Choose tools your team will actually use. A simple pytest suite maintained diligently beats a sophisticated testing infrastructure that nobody runs.
Best Practices
Section titled “Best Practices”- Write tests as you build, not at the end of the term. Tests written weeks after the code was written are harder to write and less likely to catch the bugs that matter.
- Plan user testing into the sprint cycle. It should appear on the board, not happen ad hoc.
- Run the full test suite before every merge. Make this automatic through CI.
- Treat test code with the same care as production code. Tests that are hard to read, poorly organized, or full of duplication become a burden rather than a safety net.
- Fix broken tests immediately. A test suite that stays red for days loses all value as a quality signal.
- Delete tests that no longer serve a purpose. Tests for removed features or deprecated code paths add noise and slow down the suite.

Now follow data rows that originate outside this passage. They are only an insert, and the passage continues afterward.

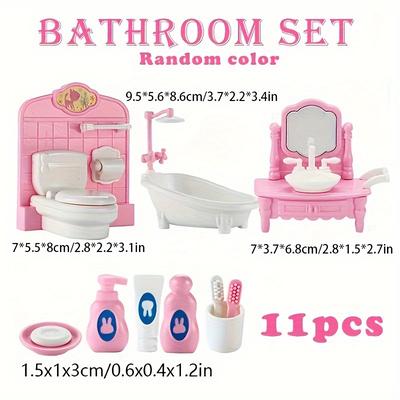 TEMU Dolls House 1:12 Miniature Kitchen Bedroom Bathroom Playset, Simulated Play House Indoor Furniture And Accessories Toys, Fun Christmas And Birthday Gift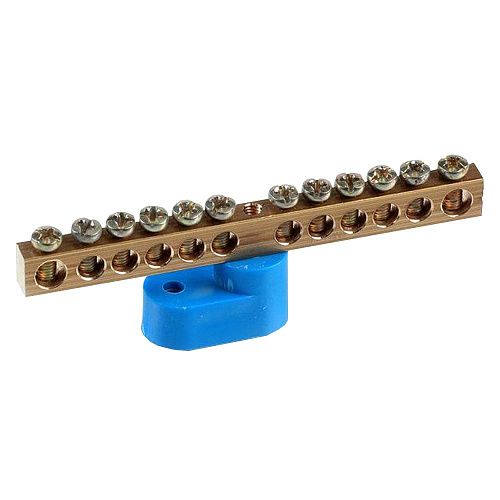 Шина N "ноль" 12 отверстий 1 изолятор "стойка" 6х9мм латунь (синий)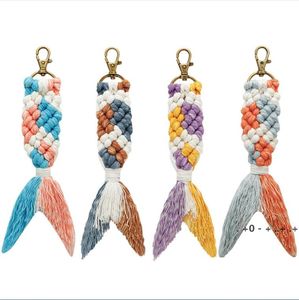 Hand Woven Keychain Pendant Party Colorful Mermaid Tassel Key Chain Luggage Decoration Keyring Parties Gift Supplies GCB14693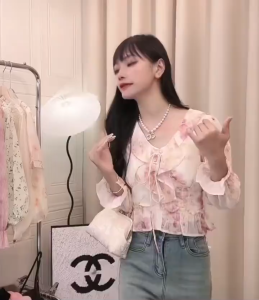 Korean Style Womens Floral Chiffon Shirt Blouse Loose Fit Ruffle Detail Breathable Casual Top Lightweight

- Keep tests fast. A test suite that takes ten minutes to run will not be run frequently. If the suite is slow, identify the bottleneck (usually a few slow integration or E2E tests) and optimize or isolate those tests.
Some Truths About Testing
Section titled “Some Truths About Testing”- Teams that skip testing move faster for a few weeks and then spend the rest of the project debugging regressions they could have prevented.
- Writing testable code forces better design. If a function is hard to test, it is usually doing too many things.

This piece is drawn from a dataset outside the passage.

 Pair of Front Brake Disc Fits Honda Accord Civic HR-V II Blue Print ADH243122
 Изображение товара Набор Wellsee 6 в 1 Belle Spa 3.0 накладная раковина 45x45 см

- The first time you catch a real bug with an automated test, the investment pays for itself. Every time after that is free.
- Perfect test coverage is neither achievable nor necessary. Thoughtful coverage of critical paths and edge cases is far more valuable.
- Automated tests verify that the code works. Only humans can verify that the product is worth using. You need both.
- Teams that never test with real users ship features that make sense to the team and confuse everyone else.
- Testing research outputs is harder than testing application code, but reproducibility checks and data validation are not optional. Results you cannot reproduce are not results.
Testing in Industry and Academia
Section titled “Testing in Industry and Academia”In industry, both automated testing and user research are baseline expectations. Companies like Google require tests for virtually all production code; their internal testing culture is documented extensively in Software Engineering at Google. At the same time, product teams at companies like Stripe, Airbnb, and Shopify run continuous user research to validate that what they build actually serves their customers. Neither discipline substitutes for the other.
The testing pyramid (or variations like the testing trophy) is a widely used heuristic for automated test strategy. Kent C. Dodds and Martin Fowler have written extensively about this, and their work is worth reading regardless of your stack.
In academia, reproducibility serves the same purpose as automated testing: it allows others to verify that results are valid. Journals increasingly require that computational results be backed by public code and data, with clear instructions for reproducing the findings. A well-tested research codebase is publishable; an untested one is a liability.
The habit of testing holistically, through automated suites, manual exploration, reproducibility checks, and user validation, is one of the most transferable skills a Capstone project can develop.